One night last week, as I lay in bed thinking about the challenges of the economy, terrorism, and global climate change, I thought to myself, What this world really needs is another proof of the Pythagorean theorem.
This pleasant diversion helped me to fall asleep for a few nights in a row, at least until I came up with the following approach. I call it a physicist's proof not only because it's less than mathematically rigorous, but also because the idea is to begin with a triangle of zero size and derive its law of growth. This is a more "dynamical" way of understanding the theorem than the traditional dissection methods.
Without further ado, here is the argument:
We label the sides by x and y, so the hypotenuse is some function f(x,y). We assume f(0,0) = 0. Now let y increase by an infinitesimal amount dy; then the small triangle is similar to the large right triangle, so that df/dy = y/f. Separating, we find f^2 = y^2 + C(x). Repeating the argument with the horizontal leg, we find f^2 = x^2 + D(y). Thus C(x) - x^2 = D(y) - y^2 = E, a constant, whence f^2 = y^2 + x^2 + E. But f(0,0) = 0 implies E=0, so f^2 = y^2 + x^2. QED.
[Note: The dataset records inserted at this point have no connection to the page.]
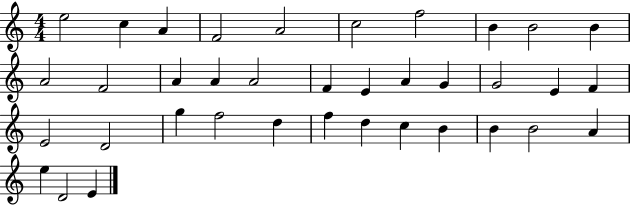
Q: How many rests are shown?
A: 0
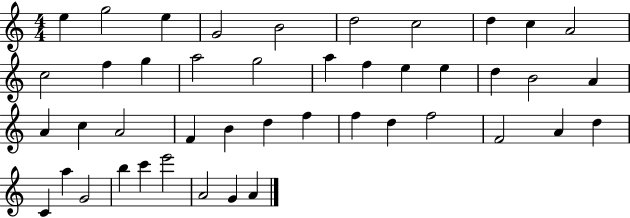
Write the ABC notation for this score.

X:1
T:Untitled
M:4/4
L:1/4
K:C
e g2 e G2 B2 d2 c2 d c A2 c2 f g a2 g2 a f e e d B2 A A c A2 F B d f f d f2 F2 A d C a G2 b c' e'2 A2 G A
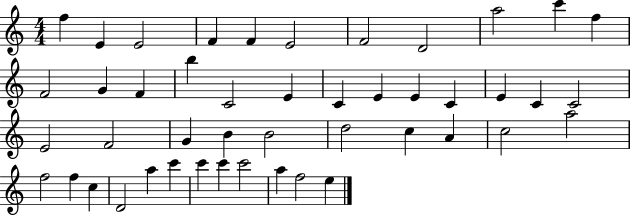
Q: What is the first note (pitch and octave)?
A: F5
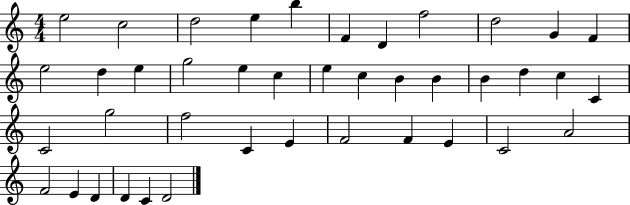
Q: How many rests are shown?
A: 0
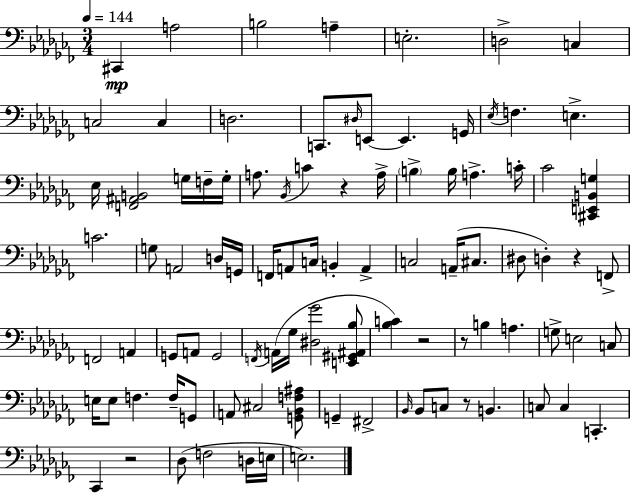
C#2/q A3/h B3/h A3/q E3/h. D3/h C3/q C3/h C3/q D3/h. C2/e. D#3/s E2/e E2/q. G2/s Eb3/s F3/q. E3/q. Eb3/s [F2,A#2,B2]/h G3/s F3/s G3/s A3/e. Bb2/s C4/q R/q A3/s B3/q B3/s A3/q. C4/s CES4/h [C#2,E2,B2,G3]/q C4/h. G3/e A2/h D3/s G2/s F2/s A2/e C3/s B2/q A2/q C3/h A2/s C#3/e. D#3/e D3/q R/q F2/e F2/h A2/q G2/e A2/e G2/h F2/s A2/s Gb3/s [D#3,Gb4]/h [E2,G#2,A#2,Bb3]/e [Bb3,C4]/q R/h R/e B3/q A3/q. G3/e E3/h C3/e E3/s E3/e F3/q. F3/s G2/e A2/e C#3/h [G2,Bb2,F3,A#3]/e G2/q F#2/h Bb2/s Bb2/e C3/e R/e B2/q. C3/e C3/q C2/q. CES2/q R/h Db3/e F3/h D3/s E3/s E3/h.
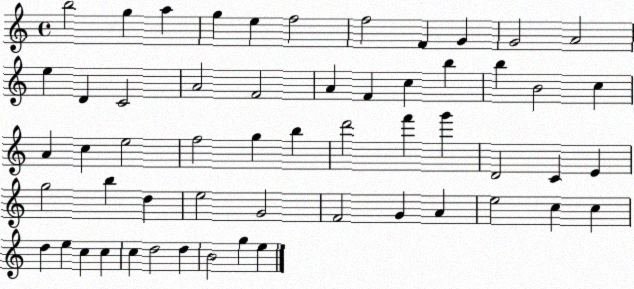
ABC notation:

X:1
T:Untitled
M:4/4
L:1/4
K:C
b2 g a g e f2 f2 F G G2 A2 e D C2 A2 F2 A F c b b B2 c A c e2 f2 g b d'2 f' g' D2 C E g2 b d e2 G2 F2 G A e2 c c d e c c c d2 d B2 g e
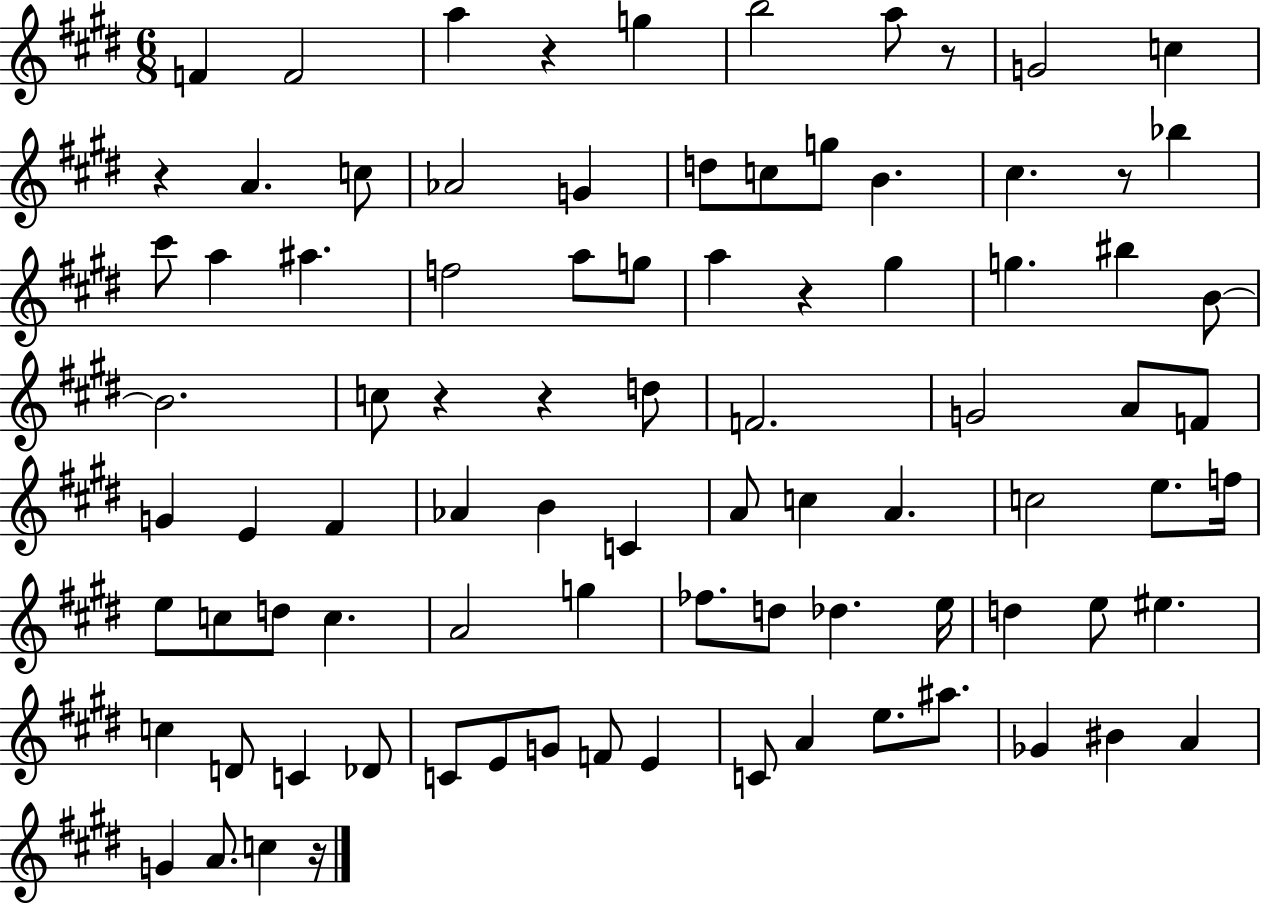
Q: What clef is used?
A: treble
I believe this can be made rigorous using (sin q)' = cos q and (cos q)' = -sin q (relations which can be proved without recourse to the Pythagorean theorem!)
Anyway, having found a solution, I poked around the web to compare it to the extant proofs. As I expected, my approach was not new. The Wikipedia entry on the Pythagorean theorem features this same basic argument, as does this page's amazing list. The idea is attributed to Michael Hardy of the University of Toledo, from 1988. Let this post serve to celebrate the idea's 20th Anniversary.
As long as I'm being unoriginal, let me also link to a cool math page from the website of Contra Costa Community College. Yesterday I was on this site by chance and happened to see two of my recent triangle puzzles!